> TASK TO COMPLETE
For this exercise, reproduce the entries below exactly, but only from the line containing "Infinito Knot Bracelete Rígido" through the line containing "Zelda Translite and", both included.

> EXTRACTED MATERIAL
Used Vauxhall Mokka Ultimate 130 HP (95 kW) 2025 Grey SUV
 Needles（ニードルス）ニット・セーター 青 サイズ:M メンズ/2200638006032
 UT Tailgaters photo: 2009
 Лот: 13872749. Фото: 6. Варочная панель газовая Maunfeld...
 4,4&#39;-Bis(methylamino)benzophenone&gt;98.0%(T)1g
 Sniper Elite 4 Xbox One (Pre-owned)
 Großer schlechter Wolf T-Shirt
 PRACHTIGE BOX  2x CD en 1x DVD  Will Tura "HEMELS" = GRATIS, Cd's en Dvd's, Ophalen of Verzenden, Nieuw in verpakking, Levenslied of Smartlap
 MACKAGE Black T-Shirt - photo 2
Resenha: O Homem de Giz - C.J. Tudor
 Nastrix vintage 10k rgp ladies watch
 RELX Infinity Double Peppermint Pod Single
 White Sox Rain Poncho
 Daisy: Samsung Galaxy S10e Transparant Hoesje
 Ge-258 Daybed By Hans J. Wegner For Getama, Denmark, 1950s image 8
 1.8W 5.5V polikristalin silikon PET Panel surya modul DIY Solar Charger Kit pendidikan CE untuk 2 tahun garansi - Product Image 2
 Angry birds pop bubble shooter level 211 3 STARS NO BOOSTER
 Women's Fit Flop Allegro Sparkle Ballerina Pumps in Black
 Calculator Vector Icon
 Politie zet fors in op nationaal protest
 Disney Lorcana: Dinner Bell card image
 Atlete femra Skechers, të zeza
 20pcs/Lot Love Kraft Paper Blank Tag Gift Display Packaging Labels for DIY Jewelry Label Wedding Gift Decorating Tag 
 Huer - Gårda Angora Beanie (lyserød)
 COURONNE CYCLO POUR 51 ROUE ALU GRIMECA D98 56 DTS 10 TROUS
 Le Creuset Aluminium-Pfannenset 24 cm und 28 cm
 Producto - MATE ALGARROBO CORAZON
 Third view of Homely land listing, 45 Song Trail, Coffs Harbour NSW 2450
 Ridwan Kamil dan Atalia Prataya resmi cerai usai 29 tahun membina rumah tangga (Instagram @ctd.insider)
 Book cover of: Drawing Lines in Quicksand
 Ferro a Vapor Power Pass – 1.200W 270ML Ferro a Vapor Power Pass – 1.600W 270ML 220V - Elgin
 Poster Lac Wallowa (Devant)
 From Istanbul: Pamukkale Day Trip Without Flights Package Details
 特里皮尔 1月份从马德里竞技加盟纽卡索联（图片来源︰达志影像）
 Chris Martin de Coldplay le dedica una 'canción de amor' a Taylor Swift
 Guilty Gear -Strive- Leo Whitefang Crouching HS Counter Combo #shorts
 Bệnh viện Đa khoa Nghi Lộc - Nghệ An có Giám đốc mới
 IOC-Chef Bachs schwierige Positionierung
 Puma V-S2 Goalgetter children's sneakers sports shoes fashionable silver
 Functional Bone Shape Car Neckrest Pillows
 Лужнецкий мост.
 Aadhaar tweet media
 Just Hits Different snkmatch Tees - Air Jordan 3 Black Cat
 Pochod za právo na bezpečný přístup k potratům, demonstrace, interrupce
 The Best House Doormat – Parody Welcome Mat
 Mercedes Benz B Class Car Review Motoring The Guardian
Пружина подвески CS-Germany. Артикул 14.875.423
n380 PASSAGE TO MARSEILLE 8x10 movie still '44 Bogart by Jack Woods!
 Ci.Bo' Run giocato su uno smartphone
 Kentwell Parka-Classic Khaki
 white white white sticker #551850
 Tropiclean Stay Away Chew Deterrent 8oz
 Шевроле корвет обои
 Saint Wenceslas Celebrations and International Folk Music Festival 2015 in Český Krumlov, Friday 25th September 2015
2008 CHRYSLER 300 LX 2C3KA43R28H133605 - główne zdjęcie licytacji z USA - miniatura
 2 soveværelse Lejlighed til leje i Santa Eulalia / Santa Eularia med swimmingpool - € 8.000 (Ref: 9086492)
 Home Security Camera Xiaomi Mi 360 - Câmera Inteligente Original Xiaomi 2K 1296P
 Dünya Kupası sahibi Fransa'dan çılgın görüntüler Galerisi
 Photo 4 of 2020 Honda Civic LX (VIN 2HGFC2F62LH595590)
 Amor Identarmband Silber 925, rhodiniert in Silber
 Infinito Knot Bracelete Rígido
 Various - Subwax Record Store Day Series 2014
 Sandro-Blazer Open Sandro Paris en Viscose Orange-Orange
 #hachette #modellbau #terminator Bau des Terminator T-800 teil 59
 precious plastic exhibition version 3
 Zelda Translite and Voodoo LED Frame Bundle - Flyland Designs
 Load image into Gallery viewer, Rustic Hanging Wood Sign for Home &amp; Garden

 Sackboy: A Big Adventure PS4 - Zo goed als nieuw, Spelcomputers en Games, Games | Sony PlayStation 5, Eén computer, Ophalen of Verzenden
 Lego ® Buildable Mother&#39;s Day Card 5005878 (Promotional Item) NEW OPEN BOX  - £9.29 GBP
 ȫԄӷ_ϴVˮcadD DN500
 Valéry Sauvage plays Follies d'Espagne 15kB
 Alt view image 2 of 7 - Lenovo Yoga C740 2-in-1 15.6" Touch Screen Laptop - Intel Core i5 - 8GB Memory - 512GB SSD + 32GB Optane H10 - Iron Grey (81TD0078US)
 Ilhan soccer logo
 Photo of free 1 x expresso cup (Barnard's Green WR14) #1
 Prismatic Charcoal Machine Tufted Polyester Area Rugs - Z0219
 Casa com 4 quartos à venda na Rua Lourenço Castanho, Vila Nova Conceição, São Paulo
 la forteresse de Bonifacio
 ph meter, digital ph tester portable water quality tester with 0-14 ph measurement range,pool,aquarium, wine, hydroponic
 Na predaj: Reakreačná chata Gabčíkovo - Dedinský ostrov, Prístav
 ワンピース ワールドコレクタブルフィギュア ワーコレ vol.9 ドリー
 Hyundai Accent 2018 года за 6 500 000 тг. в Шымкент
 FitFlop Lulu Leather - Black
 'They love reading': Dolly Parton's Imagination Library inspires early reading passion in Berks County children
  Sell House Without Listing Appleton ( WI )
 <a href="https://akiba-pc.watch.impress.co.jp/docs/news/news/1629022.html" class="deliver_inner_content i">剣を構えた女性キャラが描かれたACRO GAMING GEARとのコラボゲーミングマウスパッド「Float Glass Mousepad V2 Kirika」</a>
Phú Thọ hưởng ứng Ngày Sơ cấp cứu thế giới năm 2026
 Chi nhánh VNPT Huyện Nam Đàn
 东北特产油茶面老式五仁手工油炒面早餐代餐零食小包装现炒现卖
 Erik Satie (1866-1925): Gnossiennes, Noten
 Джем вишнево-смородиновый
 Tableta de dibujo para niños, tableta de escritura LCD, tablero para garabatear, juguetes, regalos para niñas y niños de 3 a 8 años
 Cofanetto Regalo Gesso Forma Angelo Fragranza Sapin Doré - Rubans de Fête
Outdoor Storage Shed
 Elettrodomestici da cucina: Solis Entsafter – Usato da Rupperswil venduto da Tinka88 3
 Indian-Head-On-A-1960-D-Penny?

> RESULT BELOW
 Infinito Knot Bracelete Rígido
 Various - Subwax Record Store Day Series 2014
 Sandro-Blazer Open Sandro Paris en Viscose Orange-Orange
 #hachette #modellbau #terminator Bau des Terminator T-800 teil 59
 precious plastic exhibition version 3
 Zelda Translite and Voodoo LED Frame Bundle - Flyland Designs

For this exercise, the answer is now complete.